La suma de estos tres eventos, acontecidos en unos cuantos días, habría bastado, en un país donde el poder militar estuviera realmente subordinado al civil, para aplazar la discusión sobre la ampliación del plazo, para replantear ese debate, para diseñar controles civiles más severos o al menos para activar a alguna de las instancias civiles que deben supervisar a las Fuerzas Armadas. No fue así. La reforma se aprobó esta misma semana, como si la coyuntura no advirtiera sobre los riesgos de la militarización. Más aún, en esta reforma se emuló el diseño de la Comisión Bicameral de Seguridad Nacional como control parlamentario de la participación de las fuerzas armadas en tareas de seguridad, aun cuando esta Comisión ha sido absolutamente irrelevante precisamente ante temas como Ayotzinapa, la vulneración de la seguridad digital o el espionaje con Pegasus.
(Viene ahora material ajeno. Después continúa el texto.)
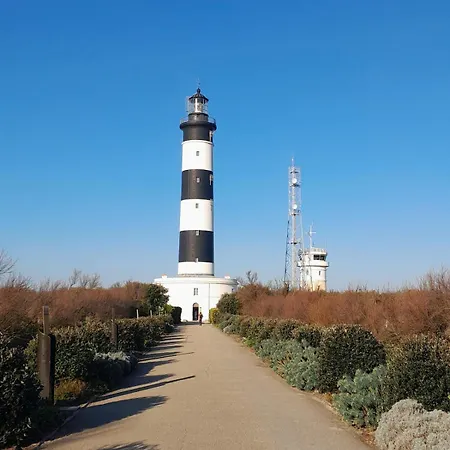 Maison Typique A Oleron Saint-Georges-d'Oleron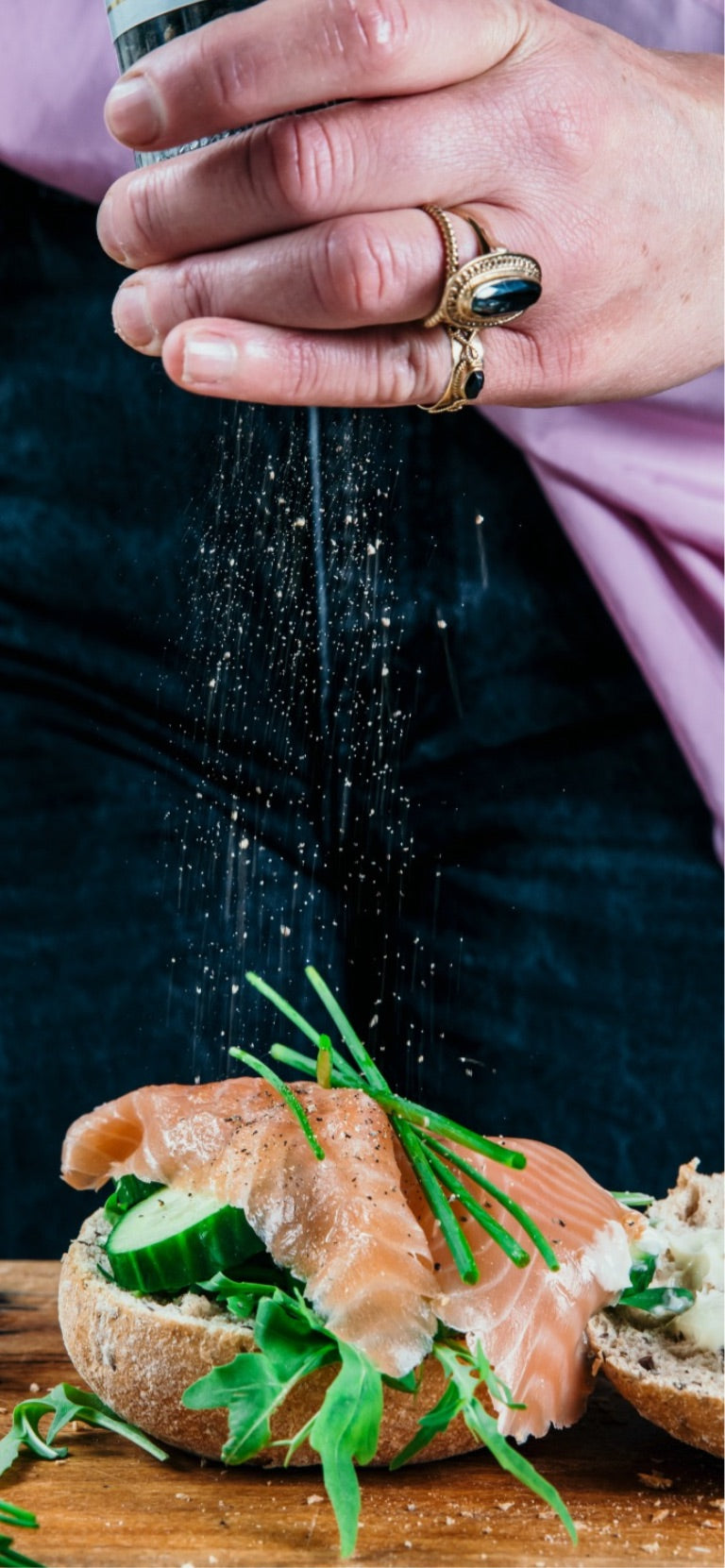 Gerookte zalm, wasabimayo & komkommer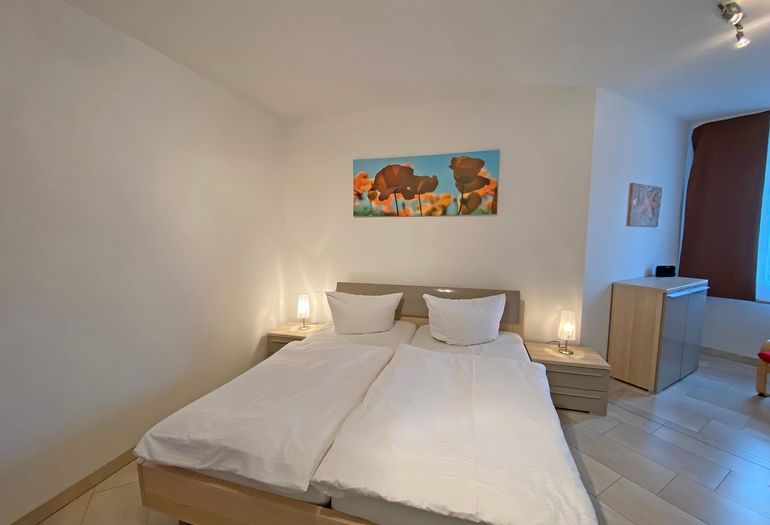 2. Schlafzimmer mit Doppelbett 2. Schlafzimmer mit Doppelbett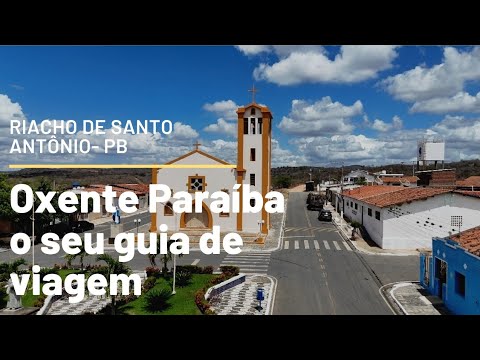 Passamos pela cidade de Riacho de Santo Antônio no cariri paraibano.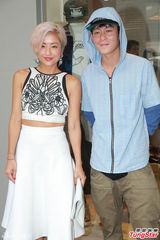 组图：陈冠希女友喊停人肉搜索 徐濠萦助阵开店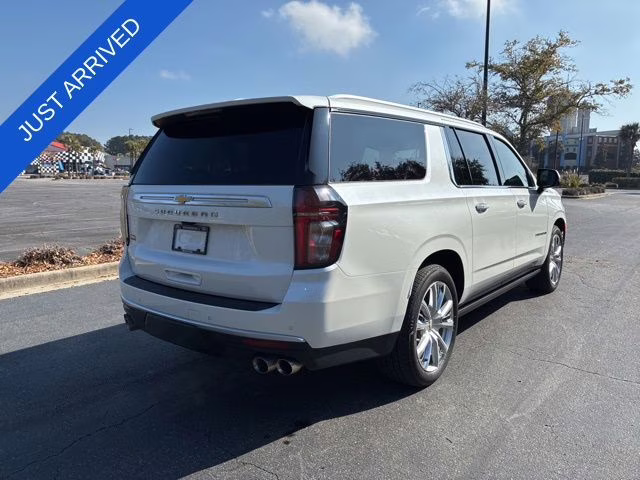 2024 Pearl Chevrolet Suburban High Country 4X4 SUV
Lo que viene es preocupante y lo prefigura todo lo que ha ocurrido en el caso Ayotzinapa: un empoderamiento militar en el que el mando castrense puede abogar por violadores a derechos humanos, demandar la cancelación irregular de órdenes de aprehensión, abrir las cárceles militares para que desde ahí los integrantes del Ejército imputados se lancen en entrevistas contra funcionarios civiles que intentan hacer adecuadamente su labor, contratar a abogados particulares que presten servicios de vocería en medios mientras desde la defensoría militar se hace cargo de la representación de imputados, difundir en medios afines narrativas falsas y considerar enemigo a quien desde la sociedad civil o el periodismo demande contrapesos al poder militar o señale abusos castrenses. Ese es, como se desprende del contexto, el país que se perfila con la profundización de la militarización aprobada en el Senado.